Under this line are the records; repeat exactly the lines starting at the one containing "Traueranzeige von Katharina" and ending at the one containing "Plato de arcilla", omitting pictures.

START DATASET RECORDS

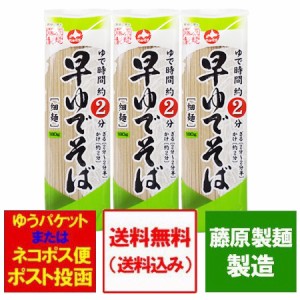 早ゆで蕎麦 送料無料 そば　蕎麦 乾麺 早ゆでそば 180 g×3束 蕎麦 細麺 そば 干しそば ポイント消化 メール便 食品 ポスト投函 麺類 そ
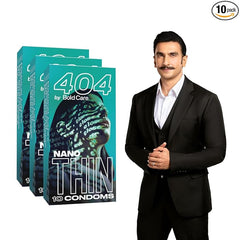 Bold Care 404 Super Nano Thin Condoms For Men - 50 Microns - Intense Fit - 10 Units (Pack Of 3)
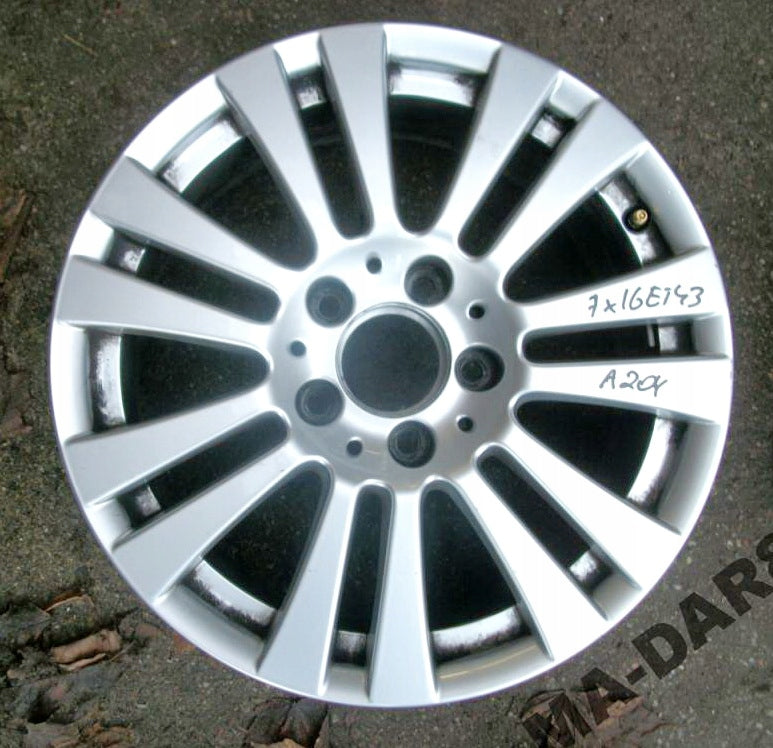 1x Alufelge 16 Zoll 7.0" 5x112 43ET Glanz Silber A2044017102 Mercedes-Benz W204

END DATASET RECORDS
START DATASET RECORDS

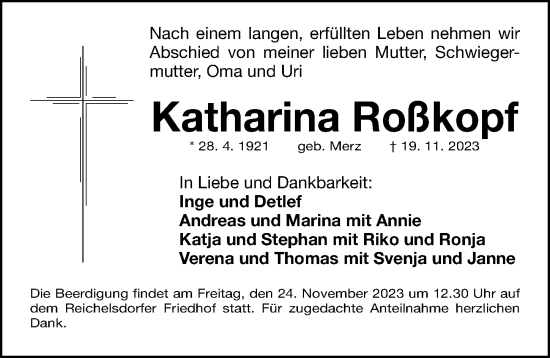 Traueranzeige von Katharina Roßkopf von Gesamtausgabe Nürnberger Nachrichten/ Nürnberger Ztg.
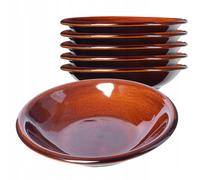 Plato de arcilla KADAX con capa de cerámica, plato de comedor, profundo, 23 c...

END DATASET RECORDS
START DATASET RECORDS

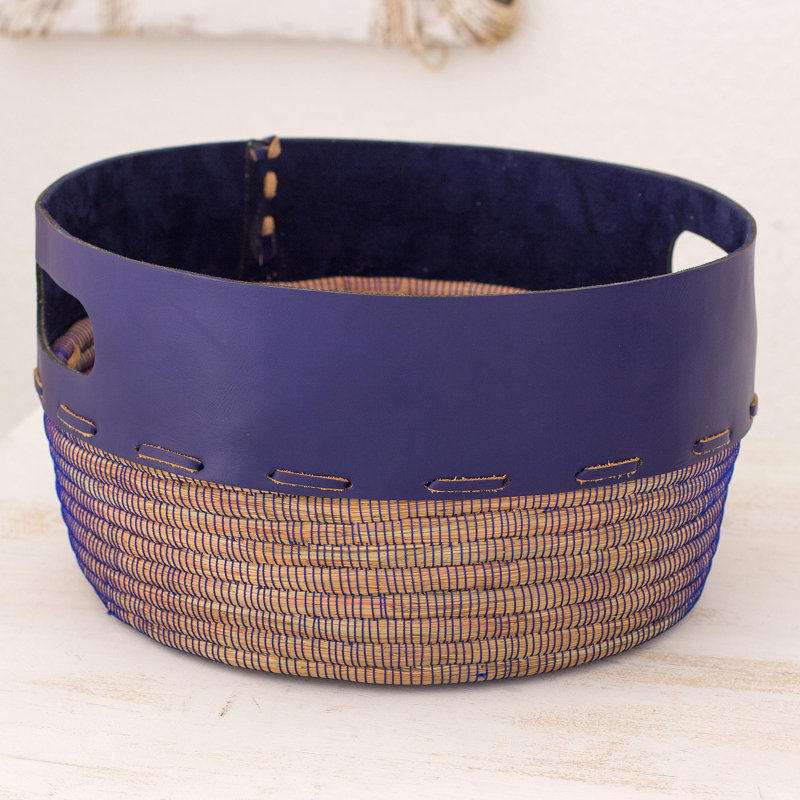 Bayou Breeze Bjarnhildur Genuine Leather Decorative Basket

END DATASET RECORDS

EXERCISE ANSWER
 Traueranzeige von Katharina Roßkopf von Gesamtausgabe Nürnberger Nachrichten/ Nürnberger Ztg.
 Plato de arcilla KADAX con capa de cerámica, plato de comedor, profundo, 23 c...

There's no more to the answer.